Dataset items

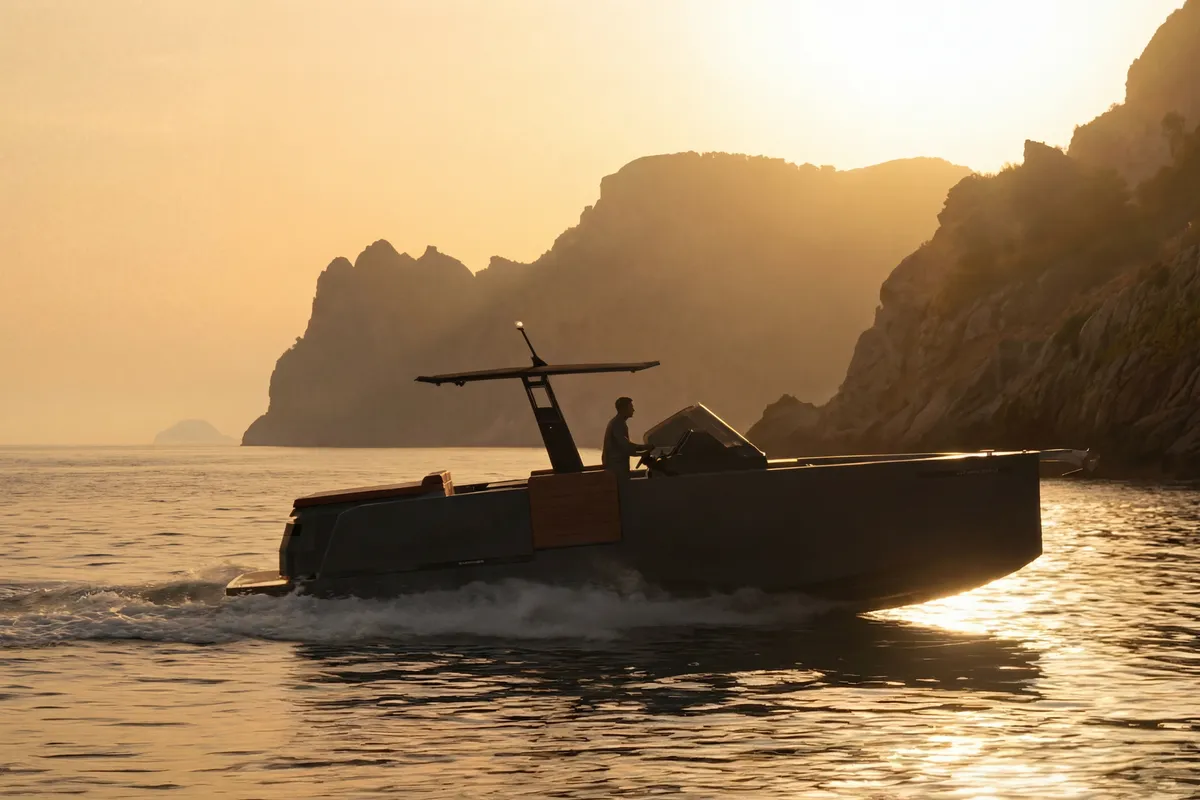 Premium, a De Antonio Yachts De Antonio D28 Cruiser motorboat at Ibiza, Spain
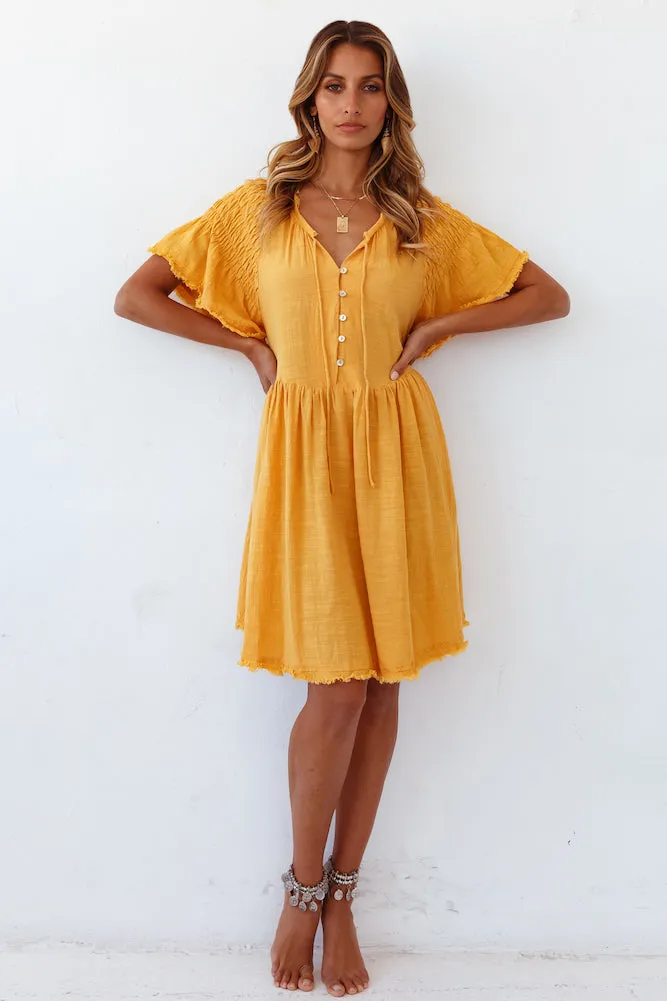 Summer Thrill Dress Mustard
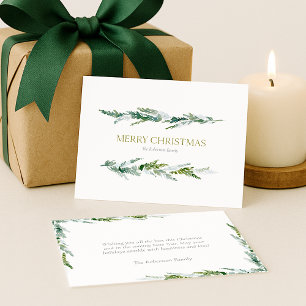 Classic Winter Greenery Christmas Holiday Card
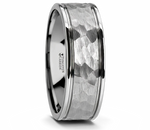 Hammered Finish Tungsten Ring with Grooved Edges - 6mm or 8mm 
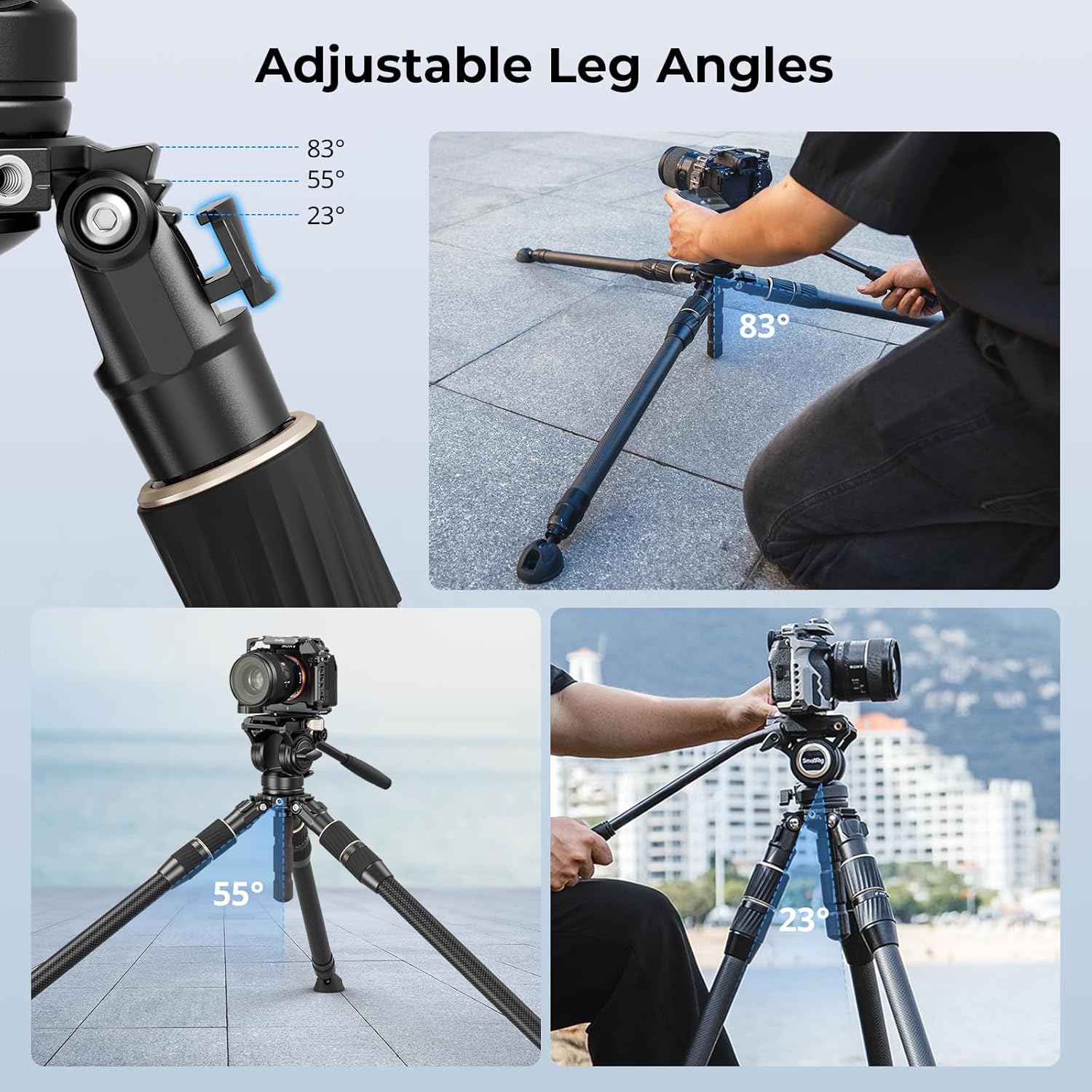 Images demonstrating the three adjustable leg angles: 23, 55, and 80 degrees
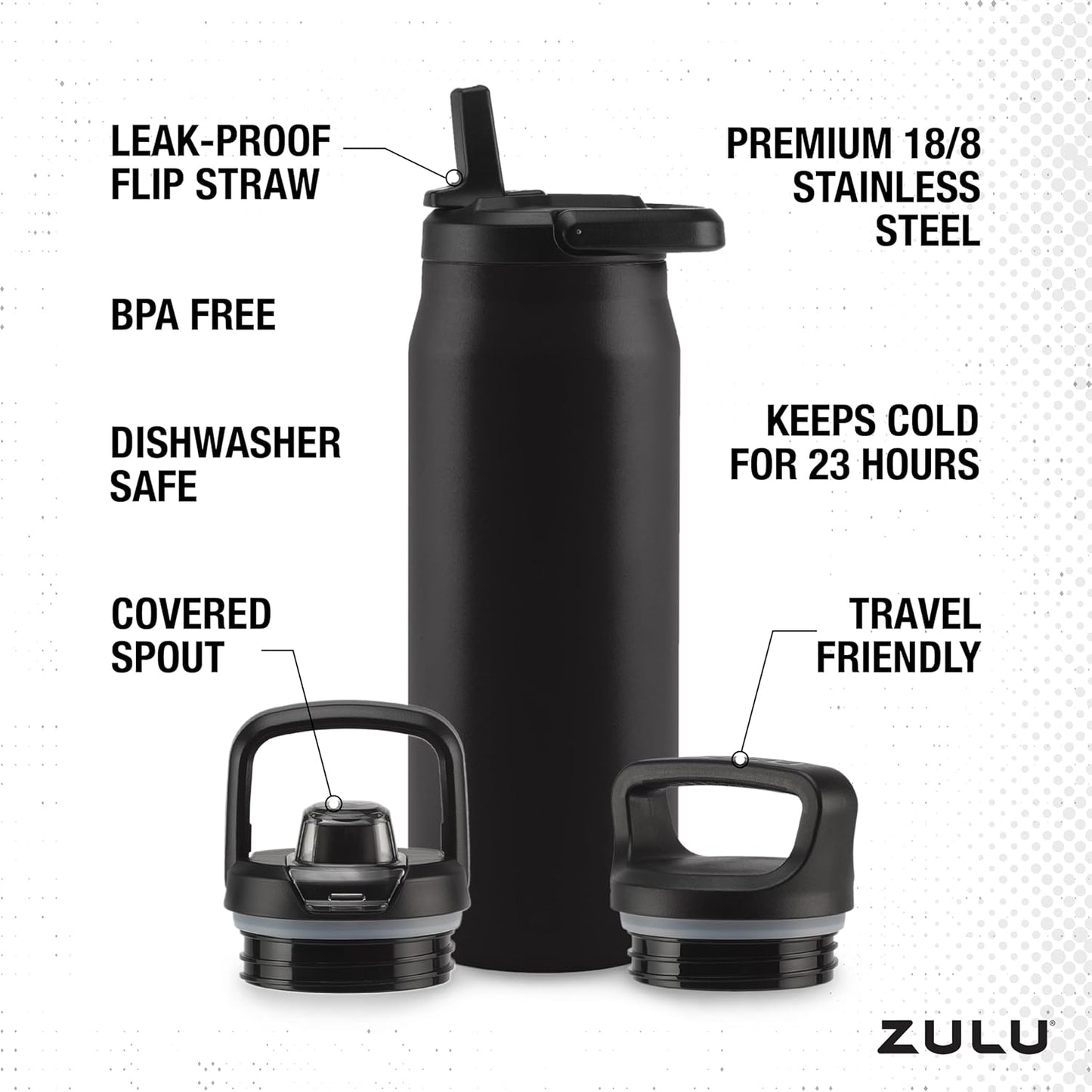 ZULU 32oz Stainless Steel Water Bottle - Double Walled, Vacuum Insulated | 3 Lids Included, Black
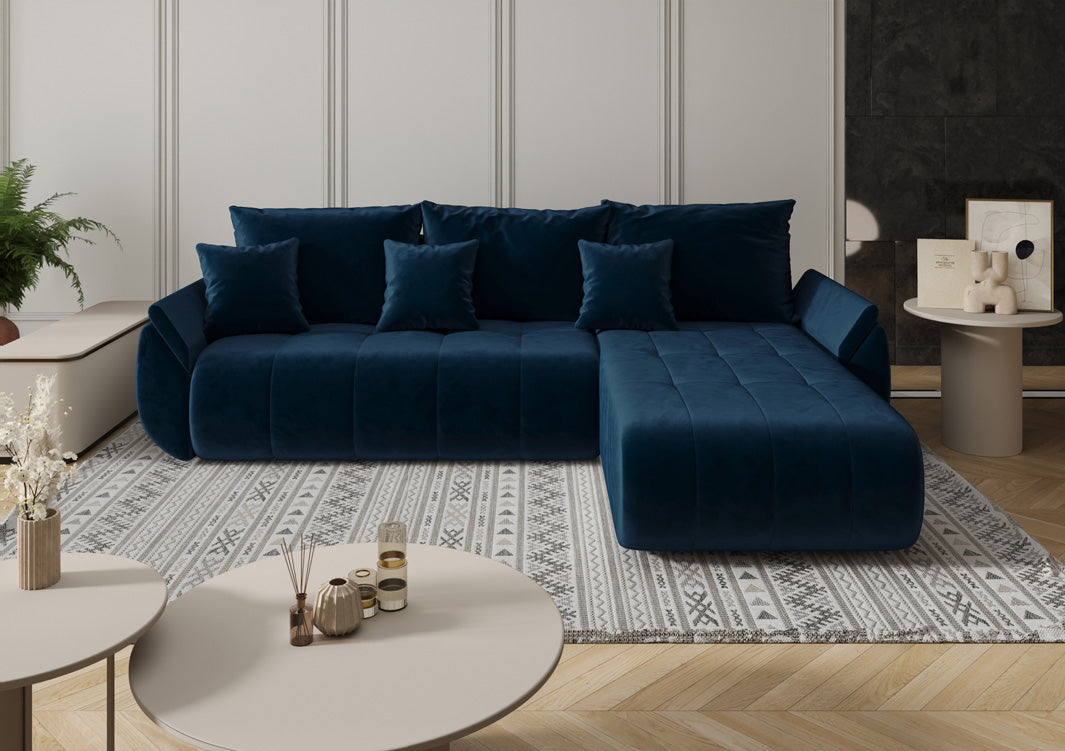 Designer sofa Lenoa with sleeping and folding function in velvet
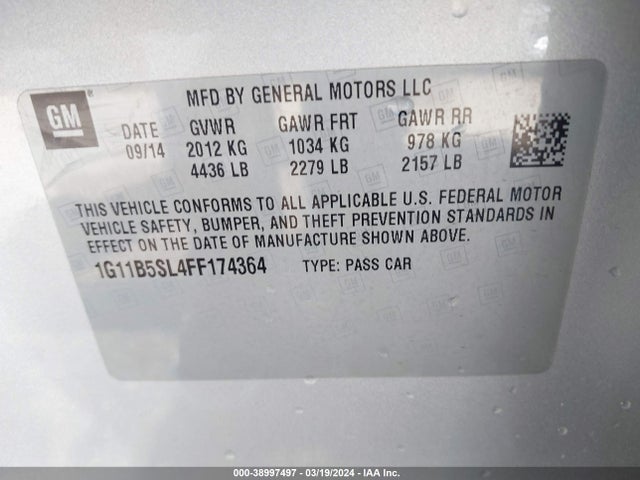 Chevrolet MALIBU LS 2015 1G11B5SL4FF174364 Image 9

▶ **What you have to do**: Extract exactly the lines from the one containing "Designer sofa Lenoa" through the last line of the records above, both included, and leave out the pictures.

▶ **Task result**:
 Designer sofa Lenoa with sleeping and folding function in velvet
 Chevrolet MALIBU LS 2015 1G11B5SL4FF174364 Image 9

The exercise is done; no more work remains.